= Beginning of Section =

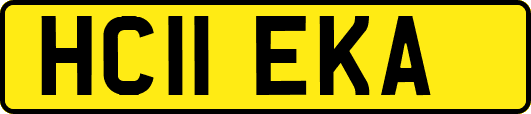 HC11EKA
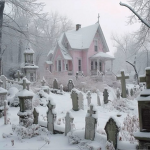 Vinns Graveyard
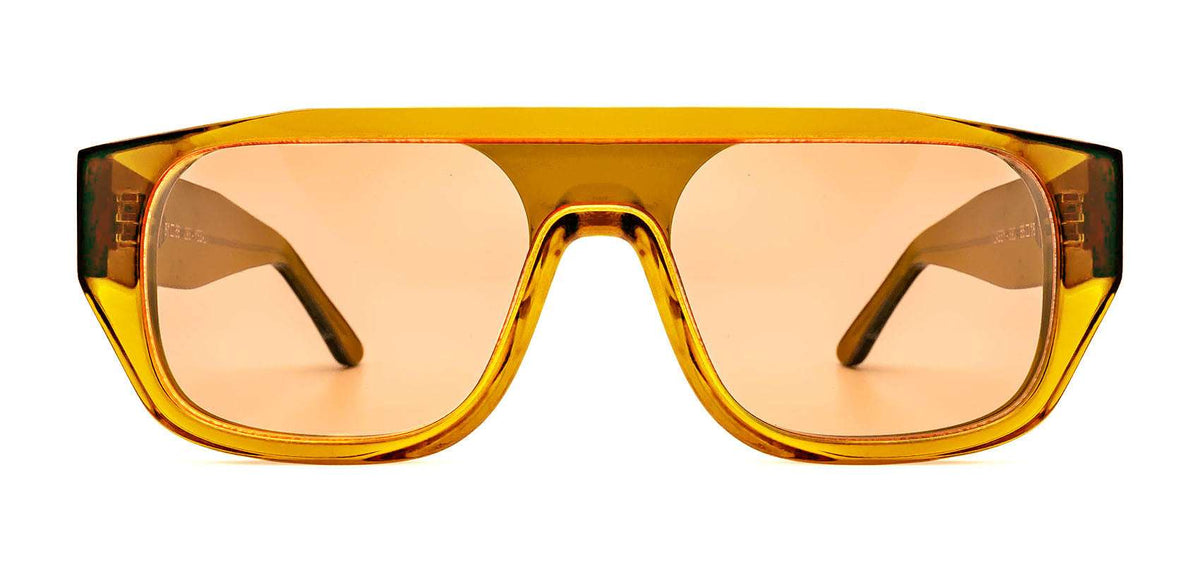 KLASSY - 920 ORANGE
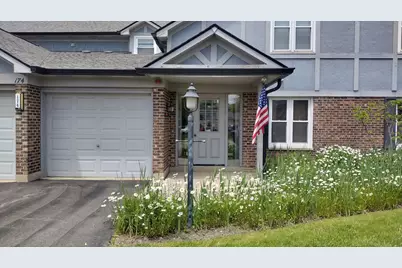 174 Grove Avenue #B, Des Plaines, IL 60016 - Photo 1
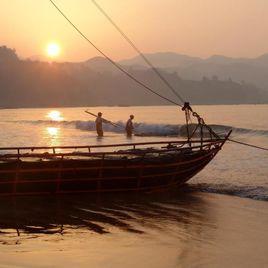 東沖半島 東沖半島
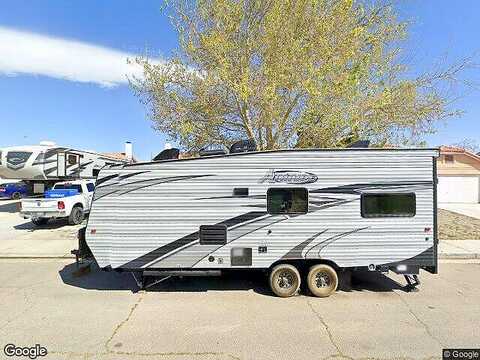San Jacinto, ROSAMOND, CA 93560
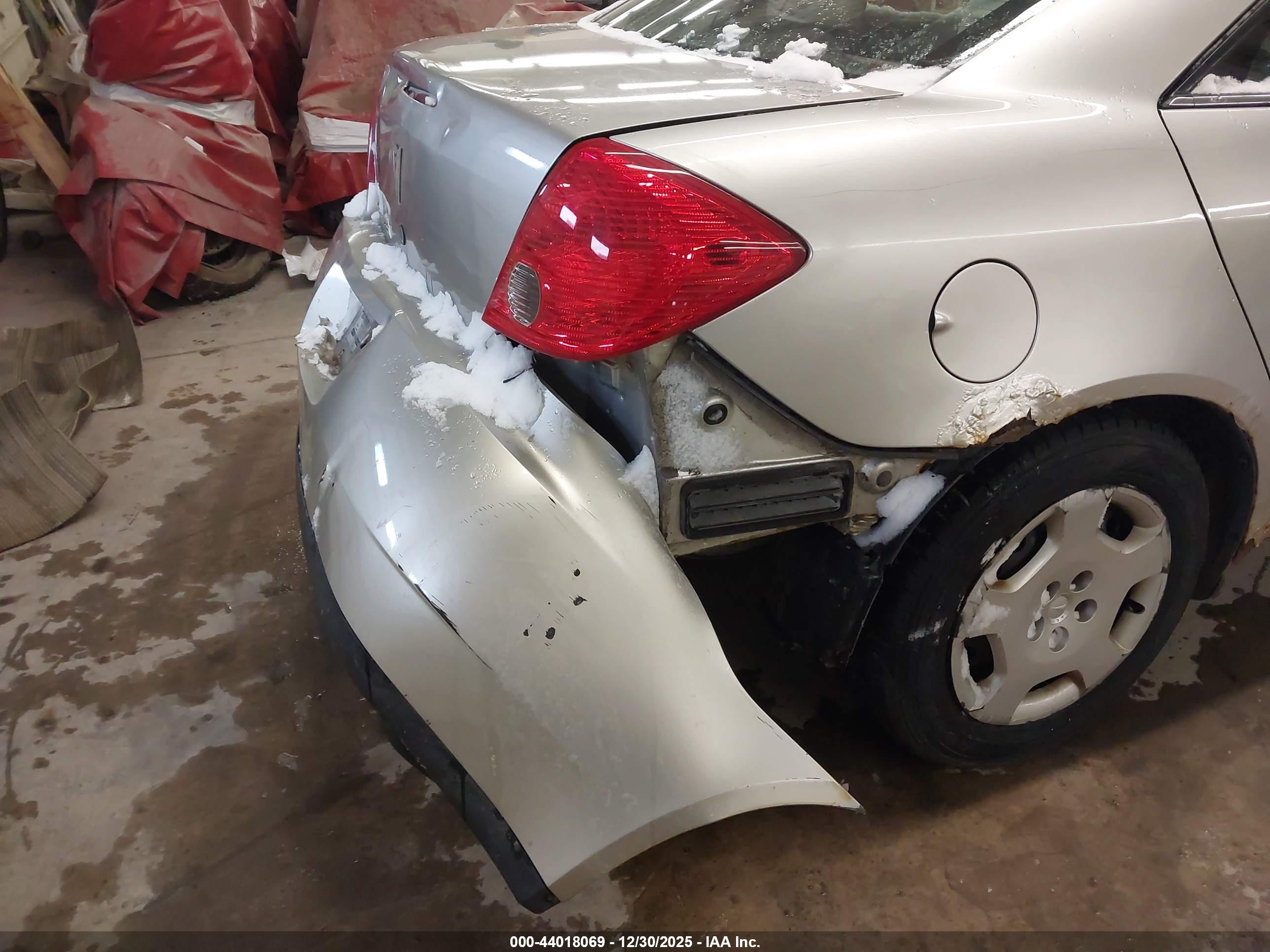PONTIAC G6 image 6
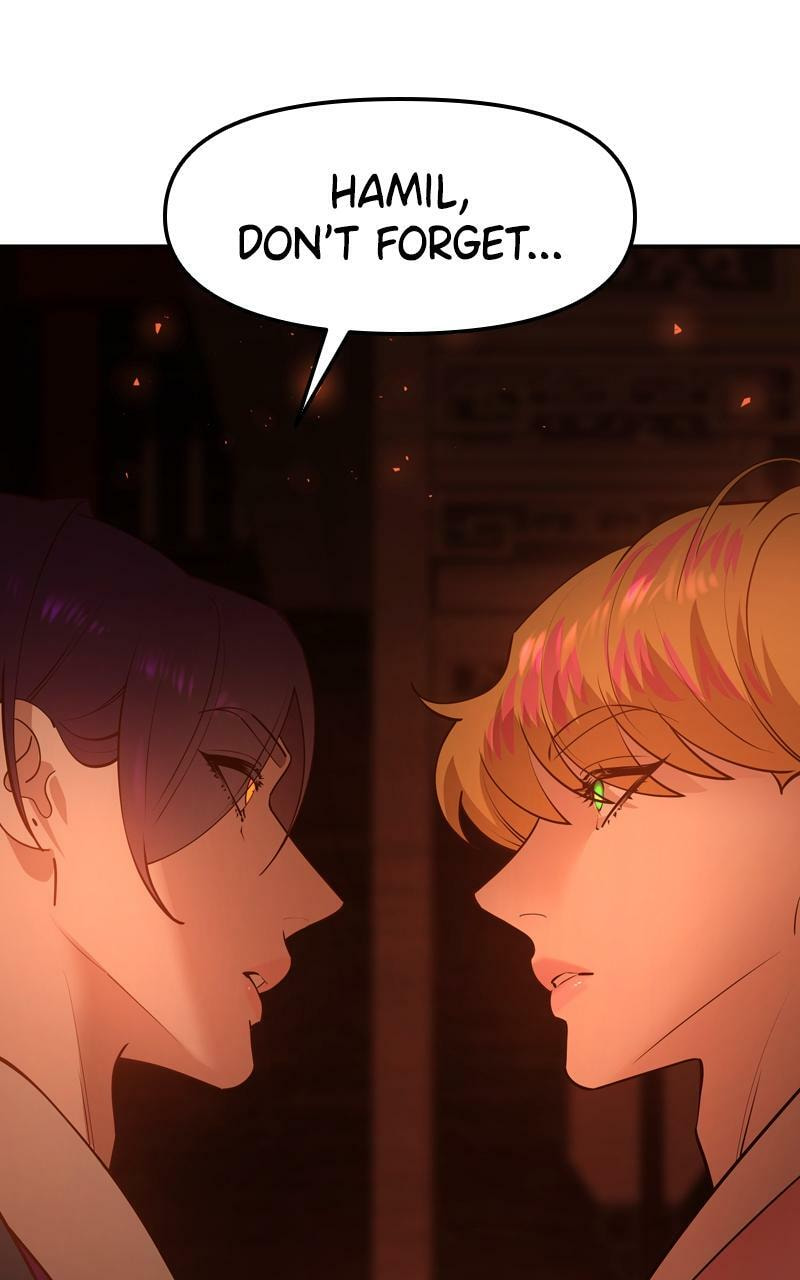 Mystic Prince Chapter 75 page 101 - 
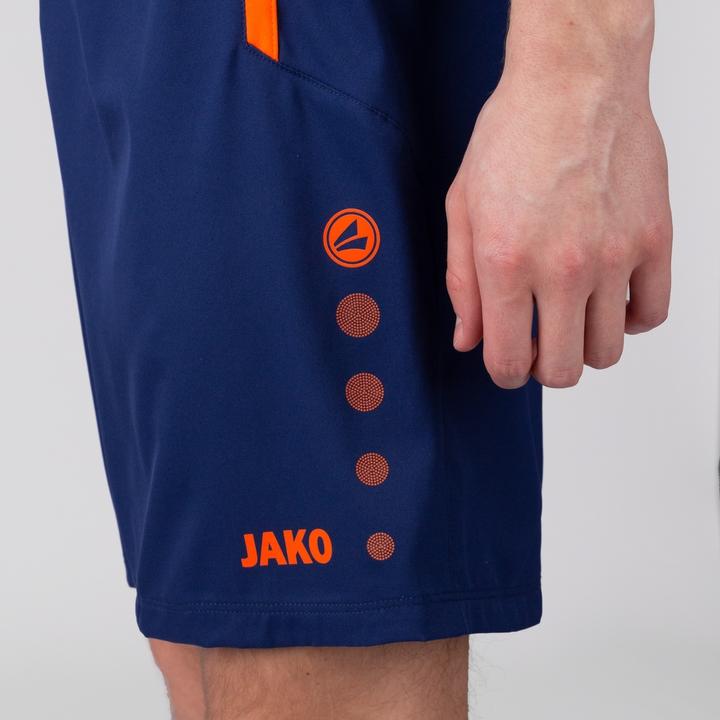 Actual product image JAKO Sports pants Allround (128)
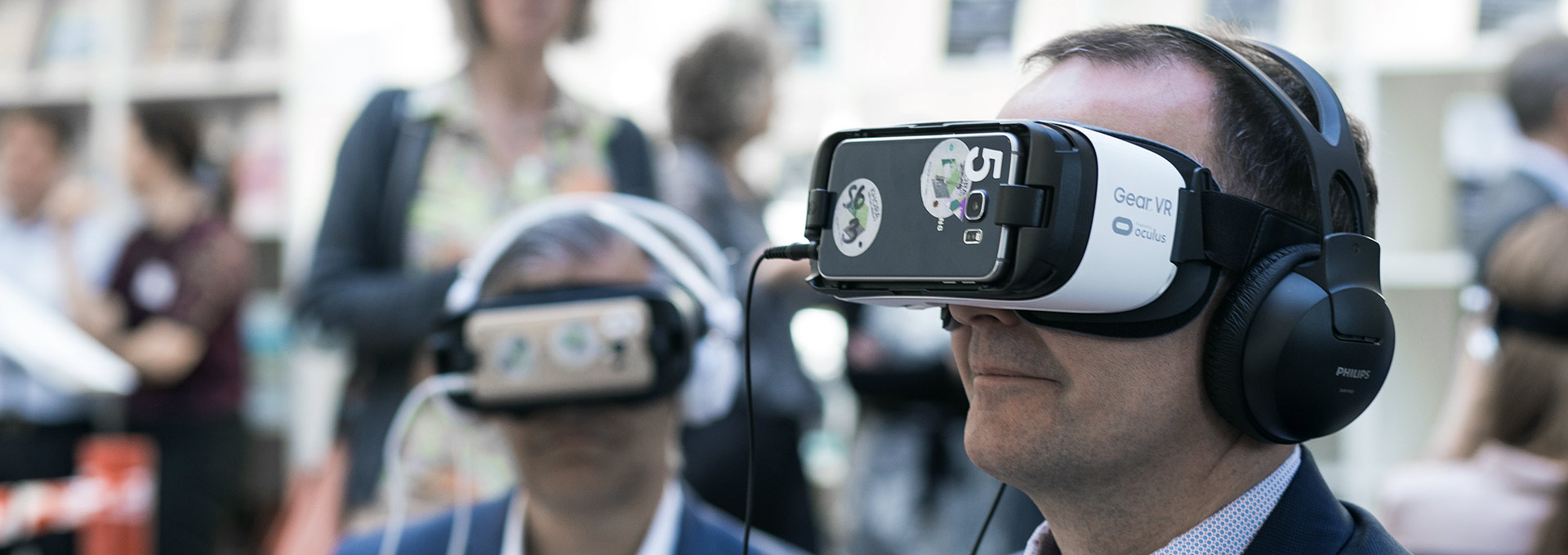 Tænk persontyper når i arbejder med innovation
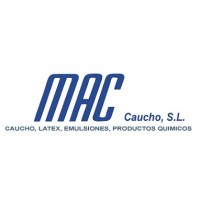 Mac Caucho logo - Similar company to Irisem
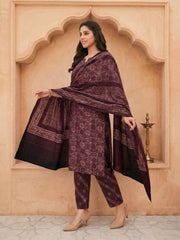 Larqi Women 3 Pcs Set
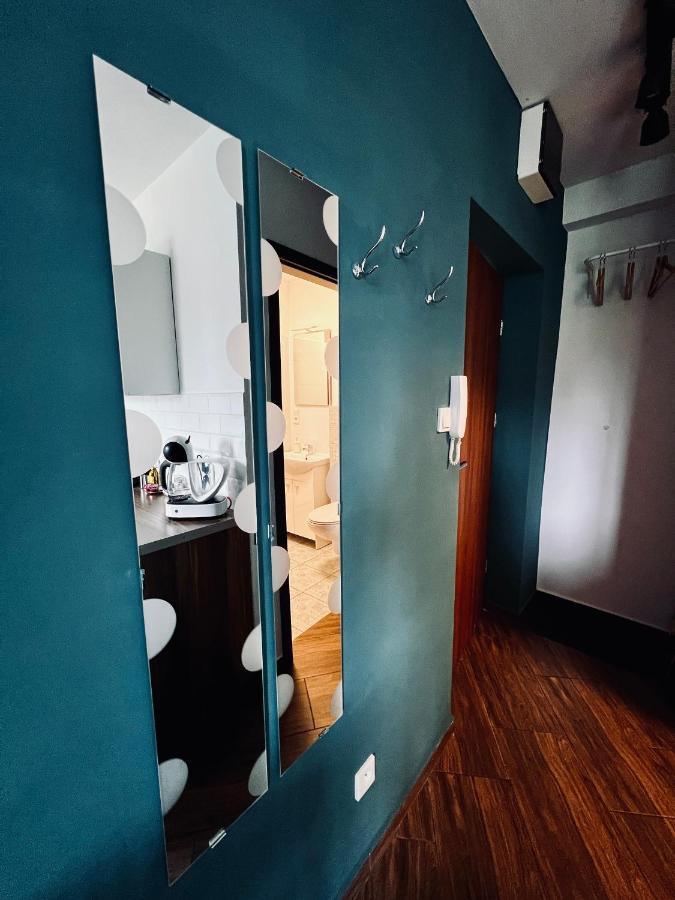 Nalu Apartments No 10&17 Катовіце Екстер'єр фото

= End of Section =

TO DO:
What is needed is an exact copy of every line from the one with "PONTIAC G6 image 6" to the end of the listing above, with the pictures left out.

SOLUTION:
PONTIAC G6 image 6
 Mystic Prince Chapter 75 page 101 - 
 Actual product image JAKO Sports pants Allround (128)
 Tænk persontyper når i arbejder med innovation
 Mac Caucho logo - Similar company to Irisem
 Larqi Women 3 Pcs Set
 Nalu Apartments No 10&17 Катовіце Екстер'єр фото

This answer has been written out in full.